As chair of the Synchronous Learning & Collaboration Administrators Group (SLCAG) at UF, I’ve been thinking a lot recently about where synchronous communication is going on the web. In academic settings, web or video conferencing often seeks to re-create the classroom experience in a mediated context. Obviously, this subverts McLuhan’s “medium is the message” aphorism, but it also draws attention to the need for connection in human-to-human-to-computer interaction.
It wasn’t long after the first phone calls were made that people wanted to add video to make us seem closer. Bell labs debuted the first videophones at the 1964 World’s Fair, yet the technology never really took hold until the past 10 years. Now there’s an expectation that what you hear WILL ALSO BE what you see.
So, pragmatically speaking, what does this mean for education? Is it really worth trying to re-create a classroom in a synchronous digital environment?

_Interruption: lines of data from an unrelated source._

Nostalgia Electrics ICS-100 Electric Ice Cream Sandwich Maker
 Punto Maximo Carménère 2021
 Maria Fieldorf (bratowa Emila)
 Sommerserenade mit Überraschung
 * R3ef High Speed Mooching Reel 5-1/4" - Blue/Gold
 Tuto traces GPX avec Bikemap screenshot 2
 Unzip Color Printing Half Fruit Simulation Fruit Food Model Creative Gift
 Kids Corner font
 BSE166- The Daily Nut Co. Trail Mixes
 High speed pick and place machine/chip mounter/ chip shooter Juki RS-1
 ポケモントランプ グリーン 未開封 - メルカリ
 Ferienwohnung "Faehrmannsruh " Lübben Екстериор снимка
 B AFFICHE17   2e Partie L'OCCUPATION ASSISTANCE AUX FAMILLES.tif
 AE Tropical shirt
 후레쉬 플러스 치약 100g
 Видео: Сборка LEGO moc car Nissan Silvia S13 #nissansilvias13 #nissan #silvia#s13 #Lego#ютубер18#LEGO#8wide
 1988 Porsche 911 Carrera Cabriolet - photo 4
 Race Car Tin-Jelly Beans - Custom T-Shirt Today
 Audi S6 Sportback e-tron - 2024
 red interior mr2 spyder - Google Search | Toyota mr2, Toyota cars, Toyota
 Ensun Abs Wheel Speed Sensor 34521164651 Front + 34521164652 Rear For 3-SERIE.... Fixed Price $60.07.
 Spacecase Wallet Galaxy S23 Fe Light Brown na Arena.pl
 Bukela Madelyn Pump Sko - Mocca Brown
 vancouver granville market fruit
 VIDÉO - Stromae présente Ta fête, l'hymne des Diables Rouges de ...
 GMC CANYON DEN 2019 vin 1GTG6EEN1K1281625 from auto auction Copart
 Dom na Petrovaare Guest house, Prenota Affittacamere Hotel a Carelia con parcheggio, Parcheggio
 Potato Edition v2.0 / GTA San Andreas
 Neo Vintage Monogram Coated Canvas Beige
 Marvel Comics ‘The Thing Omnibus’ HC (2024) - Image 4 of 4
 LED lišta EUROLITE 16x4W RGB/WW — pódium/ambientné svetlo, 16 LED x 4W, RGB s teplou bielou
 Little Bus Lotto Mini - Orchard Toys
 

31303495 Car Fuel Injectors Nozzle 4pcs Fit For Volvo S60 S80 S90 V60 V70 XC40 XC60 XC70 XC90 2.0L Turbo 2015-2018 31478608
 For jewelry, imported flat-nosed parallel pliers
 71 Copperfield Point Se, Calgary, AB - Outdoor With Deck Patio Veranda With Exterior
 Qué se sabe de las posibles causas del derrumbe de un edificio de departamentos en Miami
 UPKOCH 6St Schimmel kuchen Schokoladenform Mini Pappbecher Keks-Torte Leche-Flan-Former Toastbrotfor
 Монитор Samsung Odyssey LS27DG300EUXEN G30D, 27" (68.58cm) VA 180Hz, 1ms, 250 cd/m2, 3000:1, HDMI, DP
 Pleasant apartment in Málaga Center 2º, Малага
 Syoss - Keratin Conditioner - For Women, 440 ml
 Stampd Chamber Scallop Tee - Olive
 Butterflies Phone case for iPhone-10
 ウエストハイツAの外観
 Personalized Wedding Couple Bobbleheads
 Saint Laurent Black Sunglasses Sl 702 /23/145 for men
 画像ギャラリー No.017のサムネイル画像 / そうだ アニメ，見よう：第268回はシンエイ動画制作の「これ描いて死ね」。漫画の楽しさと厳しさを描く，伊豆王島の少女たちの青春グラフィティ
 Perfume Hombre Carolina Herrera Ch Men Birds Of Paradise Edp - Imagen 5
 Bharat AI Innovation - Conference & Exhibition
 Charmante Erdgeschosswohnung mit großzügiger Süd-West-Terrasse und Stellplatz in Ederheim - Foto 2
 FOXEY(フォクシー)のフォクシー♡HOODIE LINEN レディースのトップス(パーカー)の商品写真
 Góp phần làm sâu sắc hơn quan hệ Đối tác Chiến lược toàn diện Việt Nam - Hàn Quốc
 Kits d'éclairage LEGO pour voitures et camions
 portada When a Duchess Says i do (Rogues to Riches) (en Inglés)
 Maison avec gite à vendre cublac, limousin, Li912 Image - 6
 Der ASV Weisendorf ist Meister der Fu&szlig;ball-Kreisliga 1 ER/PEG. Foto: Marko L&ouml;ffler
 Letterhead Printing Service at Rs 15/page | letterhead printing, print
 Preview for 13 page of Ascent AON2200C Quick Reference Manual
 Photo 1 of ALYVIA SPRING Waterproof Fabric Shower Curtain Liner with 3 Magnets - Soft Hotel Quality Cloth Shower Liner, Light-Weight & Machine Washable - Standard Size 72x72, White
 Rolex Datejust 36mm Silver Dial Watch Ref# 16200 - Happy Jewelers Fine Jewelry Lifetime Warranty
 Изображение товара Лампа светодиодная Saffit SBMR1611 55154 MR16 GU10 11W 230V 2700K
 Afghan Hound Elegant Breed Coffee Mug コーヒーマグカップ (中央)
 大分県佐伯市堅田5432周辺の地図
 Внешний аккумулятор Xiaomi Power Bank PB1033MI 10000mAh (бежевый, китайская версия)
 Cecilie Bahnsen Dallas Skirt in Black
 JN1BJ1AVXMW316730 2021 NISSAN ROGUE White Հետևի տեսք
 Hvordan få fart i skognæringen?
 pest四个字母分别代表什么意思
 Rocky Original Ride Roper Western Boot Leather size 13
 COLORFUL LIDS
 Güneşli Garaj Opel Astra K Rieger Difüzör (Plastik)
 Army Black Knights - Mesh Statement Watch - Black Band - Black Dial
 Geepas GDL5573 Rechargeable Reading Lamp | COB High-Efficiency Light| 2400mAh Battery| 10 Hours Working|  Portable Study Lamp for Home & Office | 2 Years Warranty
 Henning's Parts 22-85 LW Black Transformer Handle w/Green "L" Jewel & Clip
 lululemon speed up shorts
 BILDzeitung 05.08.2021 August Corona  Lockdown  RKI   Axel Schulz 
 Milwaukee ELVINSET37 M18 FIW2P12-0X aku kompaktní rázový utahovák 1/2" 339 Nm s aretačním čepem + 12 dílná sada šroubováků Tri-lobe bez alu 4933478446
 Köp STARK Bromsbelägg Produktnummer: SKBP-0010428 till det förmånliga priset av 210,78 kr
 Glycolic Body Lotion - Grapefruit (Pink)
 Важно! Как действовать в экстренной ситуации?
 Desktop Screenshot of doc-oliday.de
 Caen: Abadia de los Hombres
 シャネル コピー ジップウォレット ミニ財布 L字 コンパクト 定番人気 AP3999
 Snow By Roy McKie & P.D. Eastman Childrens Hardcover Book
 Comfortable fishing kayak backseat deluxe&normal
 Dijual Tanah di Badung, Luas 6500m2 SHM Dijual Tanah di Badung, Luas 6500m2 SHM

We’ve all sat passively through online webinars, relishing in the fact the presenter has no idea whether we are playing Angry Birds or wearing pants. I’ve even heard instructional technologists suggest that the only viable web conferencing utilities are those that completely take over a user’s desktop, locking out any other application functionality. When I hear such a suggestion I immediately wonder whether that person could possibly have anything interesting enough to say to warrant such overt narcissism. ~Doubtful.
Many of us have also taken part in computer-mediated realtime communication that was both intimate and productive. In those cases, was it the technology that effected the productivity? Or was it merely the semblance of intimacy and mutual accountability that allowed the time to be “productive?”